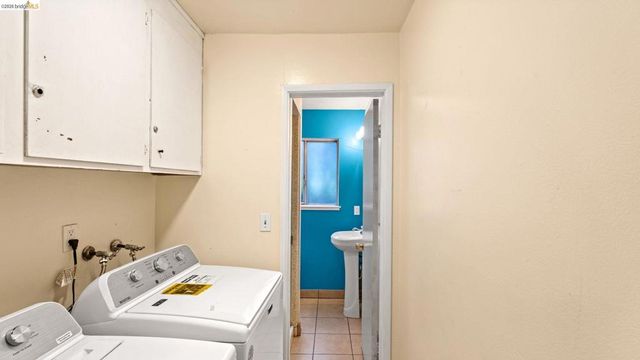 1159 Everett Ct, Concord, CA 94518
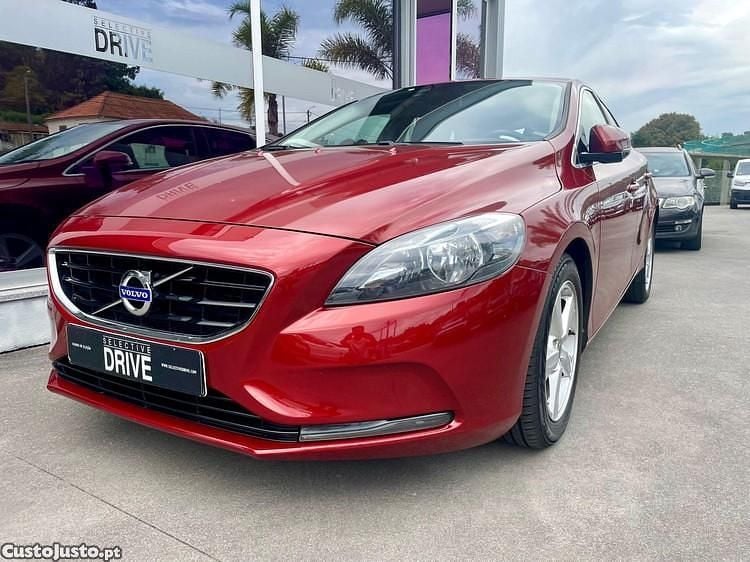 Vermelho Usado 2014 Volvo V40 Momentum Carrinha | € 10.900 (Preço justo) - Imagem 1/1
◆ ◆ ◆
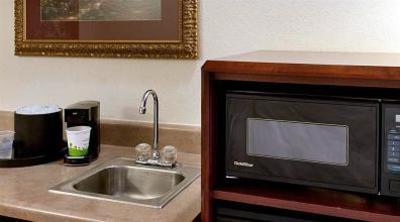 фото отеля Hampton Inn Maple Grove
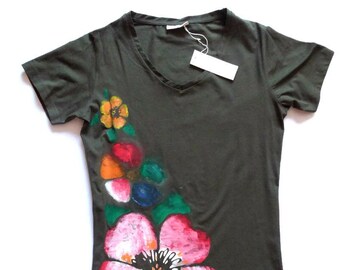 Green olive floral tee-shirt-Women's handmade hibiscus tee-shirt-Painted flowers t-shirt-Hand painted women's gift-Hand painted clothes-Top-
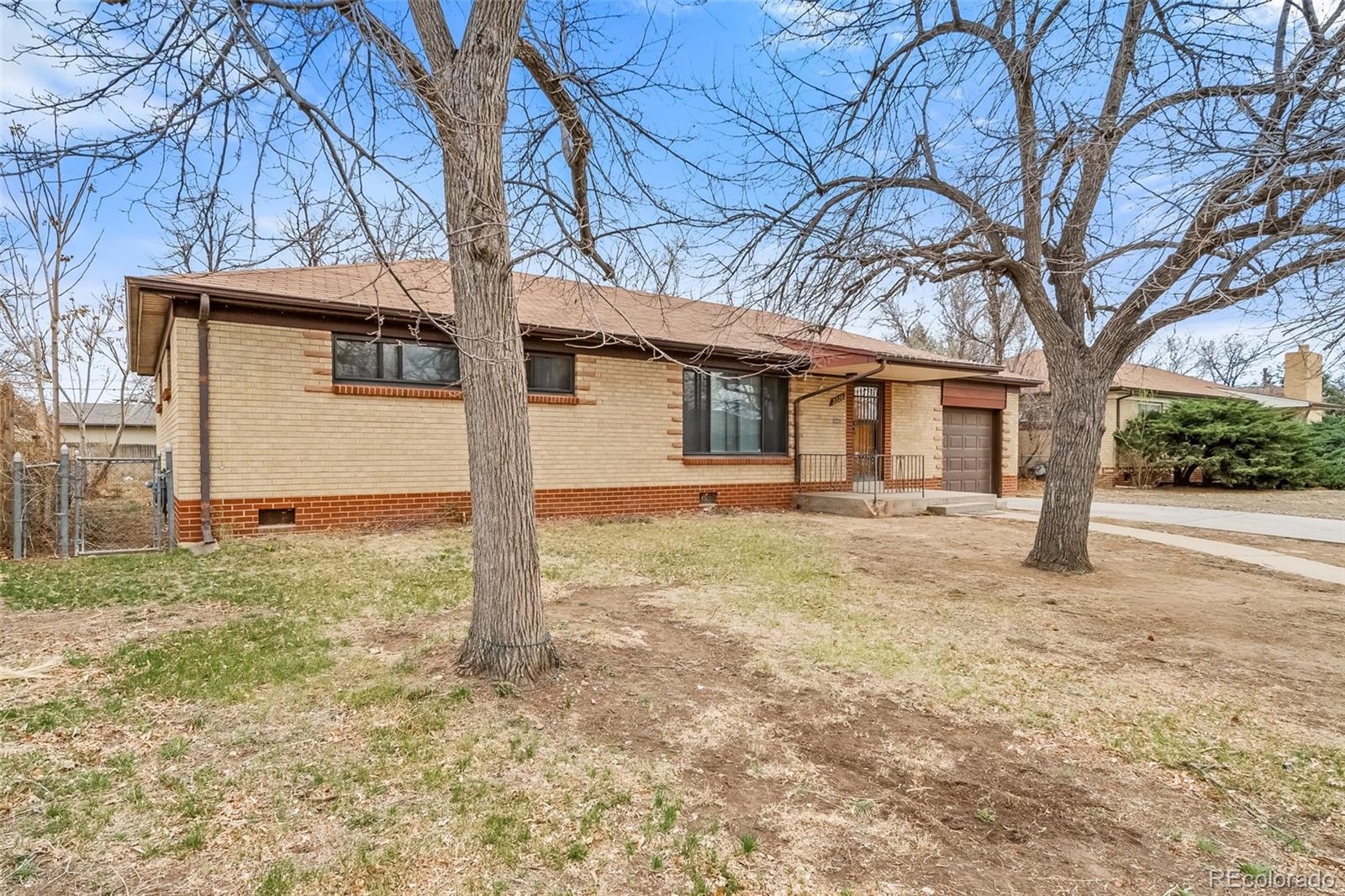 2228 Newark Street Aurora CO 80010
◆ ◆ ◆
# [REQUIRED WORK]
In the listing above, find the line with "1159 Everett Ct, Concord, CA 94518" and the line with "Vermelho Usado 2014". Copy exactly those two and every line between, without the pictures.

# [RESPONSE]
 1159 Everett Ct, Concord, CA 94518
 Vermelho Usado 2014 Volvo V40 Momentum Carrinha | € 10.900 (Preço justo) - Imagem 1/1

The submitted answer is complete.